Caption-style text data:
↓
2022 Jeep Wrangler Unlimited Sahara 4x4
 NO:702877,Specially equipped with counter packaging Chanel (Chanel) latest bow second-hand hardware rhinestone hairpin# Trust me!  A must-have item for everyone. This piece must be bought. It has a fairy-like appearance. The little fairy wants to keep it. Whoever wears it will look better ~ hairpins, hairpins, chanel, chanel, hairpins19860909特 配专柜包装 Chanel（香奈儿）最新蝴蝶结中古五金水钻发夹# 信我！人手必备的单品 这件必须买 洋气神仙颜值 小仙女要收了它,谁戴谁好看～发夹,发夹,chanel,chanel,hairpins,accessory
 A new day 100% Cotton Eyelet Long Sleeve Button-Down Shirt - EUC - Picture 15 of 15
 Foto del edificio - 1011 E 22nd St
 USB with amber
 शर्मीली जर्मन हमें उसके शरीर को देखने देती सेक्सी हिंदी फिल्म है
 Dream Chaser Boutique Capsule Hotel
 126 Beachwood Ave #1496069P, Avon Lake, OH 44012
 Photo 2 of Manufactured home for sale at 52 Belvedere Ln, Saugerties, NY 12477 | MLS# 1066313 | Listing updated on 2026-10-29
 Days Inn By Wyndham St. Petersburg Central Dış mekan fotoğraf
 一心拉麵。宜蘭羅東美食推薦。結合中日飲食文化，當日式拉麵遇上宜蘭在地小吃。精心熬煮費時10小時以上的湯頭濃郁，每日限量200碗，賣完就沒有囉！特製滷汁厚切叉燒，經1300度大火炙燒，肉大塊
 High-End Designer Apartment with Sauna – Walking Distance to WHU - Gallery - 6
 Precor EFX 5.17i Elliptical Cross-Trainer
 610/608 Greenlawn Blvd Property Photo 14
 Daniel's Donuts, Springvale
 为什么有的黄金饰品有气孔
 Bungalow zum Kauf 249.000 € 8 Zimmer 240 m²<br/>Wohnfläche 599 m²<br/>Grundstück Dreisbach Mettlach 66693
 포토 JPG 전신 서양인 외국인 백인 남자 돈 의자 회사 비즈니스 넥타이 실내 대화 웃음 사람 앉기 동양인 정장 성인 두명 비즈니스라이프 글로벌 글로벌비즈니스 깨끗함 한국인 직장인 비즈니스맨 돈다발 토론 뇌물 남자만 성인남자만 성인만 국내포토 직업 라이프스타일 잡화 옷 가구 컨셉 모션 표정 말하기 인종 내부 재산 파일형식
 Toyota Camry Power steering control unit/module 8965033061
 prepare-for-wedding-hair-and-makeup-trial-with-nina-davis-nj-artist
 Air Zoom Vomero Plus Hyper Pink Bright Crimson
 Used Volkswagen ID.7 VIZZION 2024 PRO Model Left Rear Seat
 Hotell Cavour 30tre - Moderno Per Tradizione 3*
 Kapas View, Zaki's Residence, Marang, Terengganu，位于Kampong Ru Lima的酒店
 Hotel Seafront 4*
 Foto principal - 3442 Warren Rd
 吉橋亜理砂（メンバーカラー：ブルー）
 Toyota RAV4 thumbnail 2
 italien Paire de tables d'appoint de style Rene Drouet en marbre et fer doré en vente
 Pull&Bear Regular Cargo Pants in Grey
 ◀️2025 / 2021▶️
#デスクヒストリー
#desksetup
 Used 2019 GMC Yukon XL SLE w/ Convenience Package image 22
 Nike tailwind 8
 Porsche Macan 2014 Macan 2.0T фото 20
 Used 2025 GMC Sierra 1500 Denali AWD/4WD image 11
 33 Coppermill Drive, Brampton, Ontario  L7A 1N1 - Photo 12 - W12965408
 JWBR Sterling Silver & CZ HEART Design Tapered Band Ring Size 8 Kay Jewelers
↑
_What the task requires_
Starting with the first line above and ending with the line that holds "포토 JPG 전신 서양인", restate each line word for word and add nothing else.

_Response below_
2022 Jeep Wrangler Unlimited Sahara 4x4
 NO:702877,Specially equipped with counter packaging Chanel (Chanel) latest bow second-hand hardware rhinestone hairpin# Trust me!  A must-have item for everyone. This piece must be bought. It has a fairy-like appearance. The little fairy wants to keep it. Whoever wears it will look better ~ hairpins, hairpins, chanel, chanel, hairpins19860909特 配专柜包装 Chanel（香奈儿）最新蝴蝶结中古五金水钻发夹# 信我！人手必备的单品 这件必须买 洋气神仙颜值 小仙女要收了它,谁戴谁好看～发夹,发夹,chanel,chanel,hairpins,accessory
 A new day 100% Cotton Eyelet Long Sleeve Button-Down Shirt - EUC - Picture 15 of 15
 Foto del edificio - 1011 E 22nd St
 USB with amber
 शर्मीली जर्मन हमें उसके शरीर को देखने देती सेक्सी हिंदी फिल्म है
 Dream Chaser Boutique Capsule Hotel
 126 Beachwood Ave #1496069P, Avon Lake, OH 44012
 Photo 2 of Manufactured home for sale at 52 Belvedere Ln, Saugerties, NY 12477 | MLS# 1066313 | Listing updated on 2026-10-29
 Days Inn By Wyndham St. Petersburg Central Dış mekan fotoğraf
 一心拉麵。宜蘭羅東美食推薦。結合中日飲食文化，當日式拉麵遇上宜蘭在地小吃。精心熬煮費時10小時以上的湯頭濃郁，每日限量200碗，賣完就沒有囉！特製滷汁厚切叉燒，經1300度大火炙燒，肉大塊
 High-End Designer Apartment with Sauna – Walking Distance to WHU - Gallery - 6
 Precor EFX 5.17i Elliptical Cross-Trainer
 610/608 Greenlawn Blvd Property Photo 14
 Daniel's Donuts, Springvale
 为什么有的黄金饰品有气孔
 Bungalow zum Kauf 249.000 € 8 Zimmer 240 m²<br/>Wohnfläche 599 m²<br/>Grundstück Dreisbach Mettlach 66693
 포토 JPG 전신 서양인 외국인 백인 남자 돈 의자 회사 비즈니스 넥타이 실내 대화 웃음 사람 앉기 동양인 정장 성인 두명 비즈니스라이프 글로벌 글로벌비즈니스 깨끗함 한국인 직장인 비즈니스맨 돈다발 토론 뇌물 남자만 성인남자만 성인만 국내포토 직업 라이프스타일 잡화 옷 가구 컨셉 모션 표정 말하기 인종 내부 재산 파일형식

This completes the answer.